Now, she works for her alma mater as CSU's academic data manager.
She declined to detail what derailed her, but she is grateful to get back on track.
"It's so easy being on one side of the tracks or the other, such a fine line between key points in my life," said de Vries, 31. "I could easily be a non-functioning member of society. It took me getting around the right people."
In addition to Hallie Turner and CSU, de Vries sure found the right people in Young Gamechangers. She is one of 25 Georgians ages 20-40 Georgia Forward selected from about 50 applicants for the inaugural program, which gathered the participants' diverse experience and talents to focus on improving one community: Americus/Sumter County.
Amir Farokhi, executive director of Georgia Forward, a non-partisan organization trying to improve the state, said de Vries' enthusiasm and background make her a good fit for Young Gamechangers.
"We didn't really have someone from an academic or university setting who wasn't in a professorial role," he said. "We have lawyers and foundation folks and artists but not someone like Nicole. She also brought a good west Georgia perspective. Columbus has done really remarkable things downtown and on the riverfront, and that's a lesson to be learned."
Georgia Forward chose Americus/Sumter County to benefit from the Young Gamechangers' work because it has strong assets -- such as Phoebe Sumter Medical Center, Georgia Southwestern University and South Georgia Technical College -- but perhaps doesn't leverage them as well as possible, Farokhi said. Plus, community leaders welcomed the program's involvement and were open to suggestions, he said.

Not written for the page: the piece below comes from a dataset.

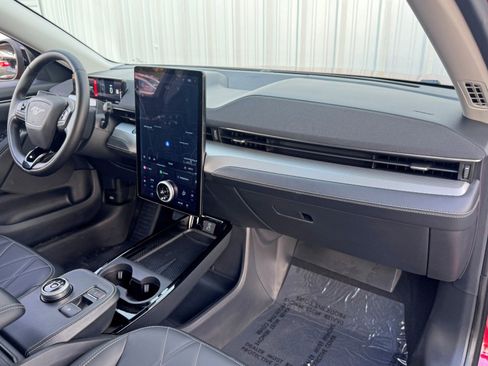 Used 2023 Ford Mustang Mach-E Select image 13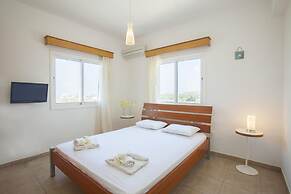 Protaras Views in Protaras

For about five months, the Young Gamechangers analyzed and envisioned. They presented their proposals April 26 in Americus' historic Rylander Theatre. De Vries' group worked on determining the region's story and how to market it. As the "data nut," she designed a survey and interpreted the results.
Her group developed two recommendations:
Market the Americus/Sumter County area as a small town with big ideas. "For a relatively rural population," she said, "they have a lot going on as far as servant leadership and innovation."
Market the area as a hub that trains medical personnel and draws patients from throughout the region.
"It's so good to see something through to completion," de Vries said. "I wouldn't say it's a weight off my shoulders, but it's that epiphany feeling. The rays break out, and you feel warm basking in the sun."
She realized she has what it takes to compete and contribute on an elite level.
"You can't adjust your winds, but you can adjust your sails," she said. "So, to me, this was affirming my skills."
De Vries estimated she donated about 60 hours of work to the project.
"I'm very thankful Columbus State allowed me to take the time and saw the value in this," she said.
It was a no-brainer for CSU officials Tom Hackett and Barbara Buckner to recommend her for the program.
Hackett, CSU's provost and vice president for academic affairs, said de Vries' positive impact on the university goes beyond her job description.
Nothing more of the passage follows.